WHAT THE TASK ASKS: Return nothing but the lines from the line with "Toro enmaromado. Fotografía: Interbenavente" through the last line of the entries that follow, copied exactly and free of pictures.

START AVAILABLE RECORDS

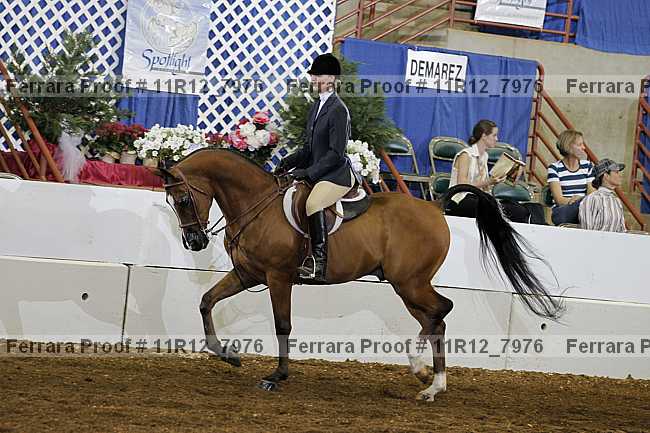 Proof 11r12_7976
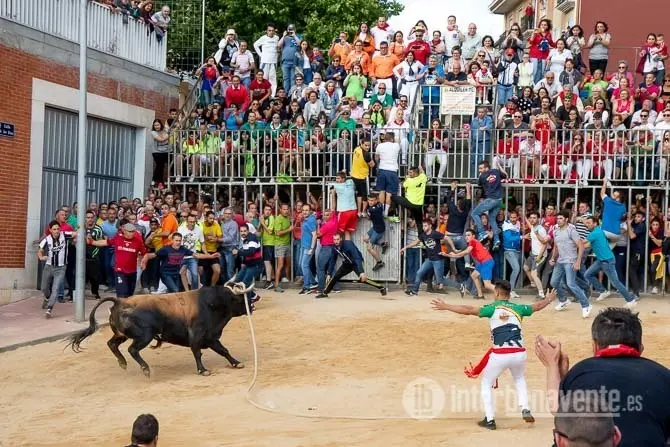 Toro enmaromado. Fotografía: Interbenavente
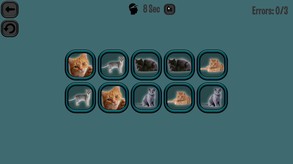 Animals Memory: Cats screenshot thumbnail video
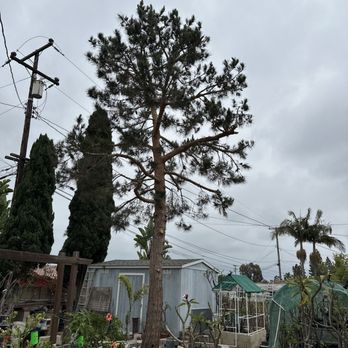 Discount Tree Care Arborist - My pine after 2 1/2 hours of skilled pruning. Let the sun shine through!!! The new pine needles will fill in nicely. - Tree Services Near Me - Long Beach, California Discount Tree Care Arborist - My pine after 2 1/2 hours of skilled pruning. Let the sun shine through!!! The new pine needles will fill in nicely. - Tree Services Near Me - Long Beach, California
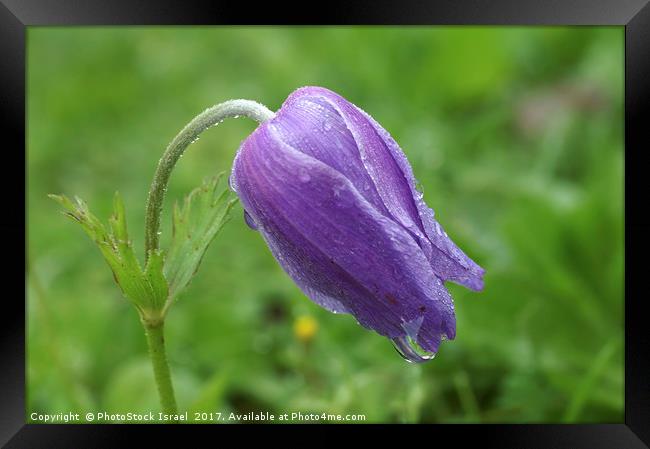 Anemone, coronaria growing in their natural habita Framed Print by PhotoStock Israel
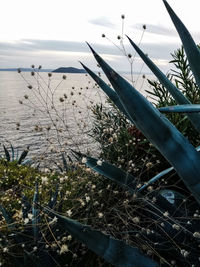 Close-up of plants growing on land against sky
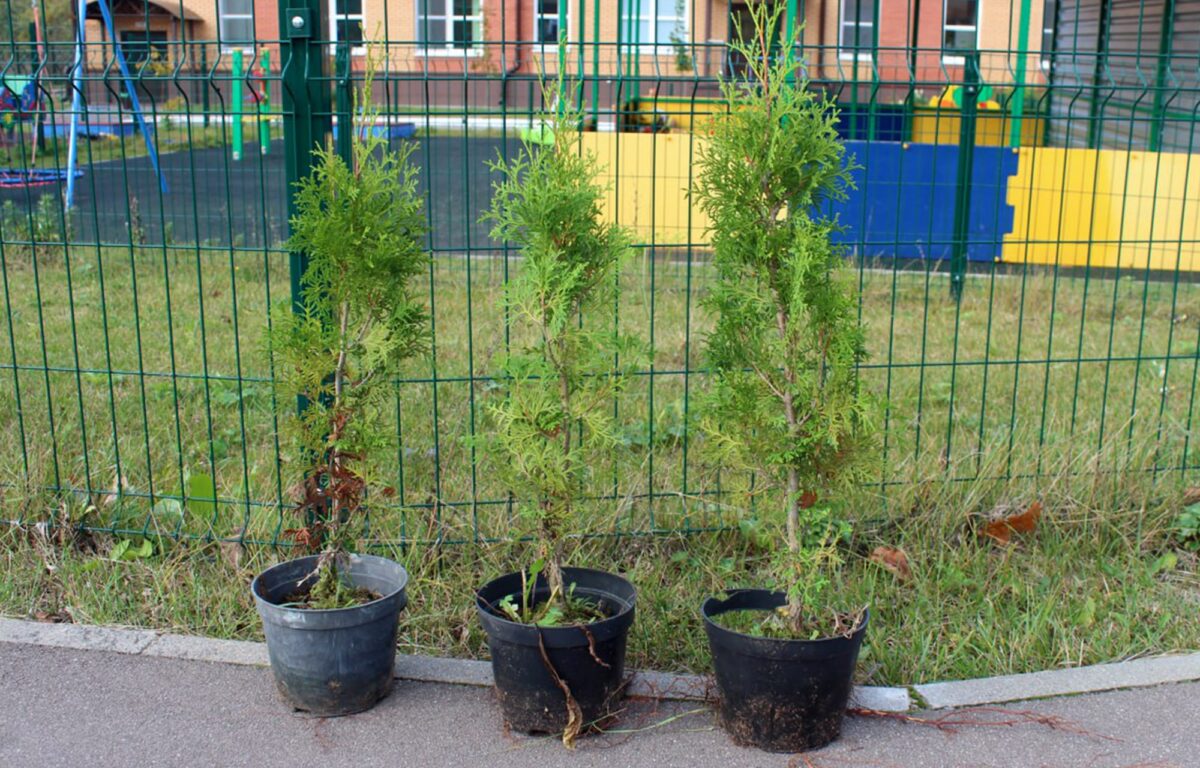 «Сохраним лес»: в Тверской области высадили больше 377 тысяч саженцев и сеянцев деревьев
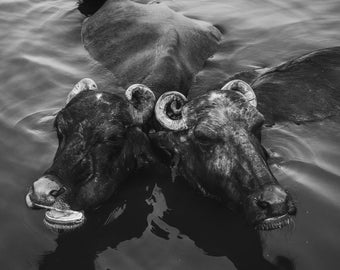 Orthrus - India Series Fine Art Print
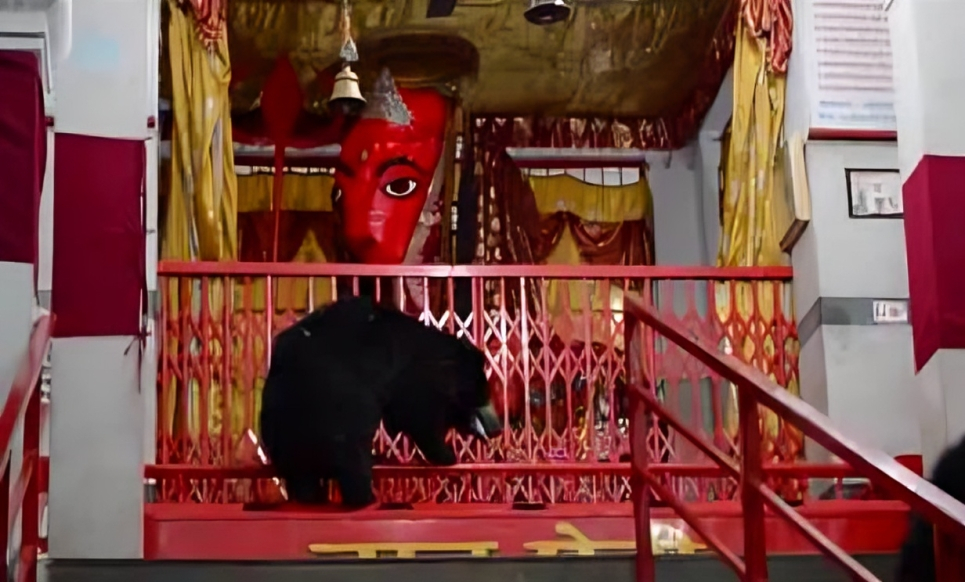चंडी माता मंदिर में भालू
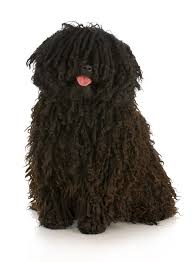 15 latin american dog breeds. 14 Curly Haired Dogs Poodle Portuguese Water Dog Puli More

END AVAILABLE RECORDS

OUTPUT BELOW:
 Toro enmaromado. Fotografía: Interbenavente
 Animals Memory: Cats screenshot thumbnail video
 Discount Tree Care Arborist - My pine after 2 1/2 hours of skilled pruning. Let the sun shine through!!! The new pine needles will fill in nicely. - Tree Services Near Me - Long Beach, California Discount Tree Care Arborist - My pine after 2 1/2 hours of skilled pruning. Let the sun shine through!!! The new pine needles will fill in nicely. - Tree Services Near Me - Long Beach, California
 Anemone, coronaria growing in their natural habita Framed Print by PhotoStock Israel
 Close-up of plants growing on land against sky
 «Сохраним лес»: в Тверской области высадили больше 377 тысяч саженцев и сеянцев деревьев
 Orthrus - India Series Fine Art Print
चंडी माता मंदिर में भालू
 15 latin american dog breeds. 14 Curly Haired Dogs Poodle Portuguese Water Dog Puli More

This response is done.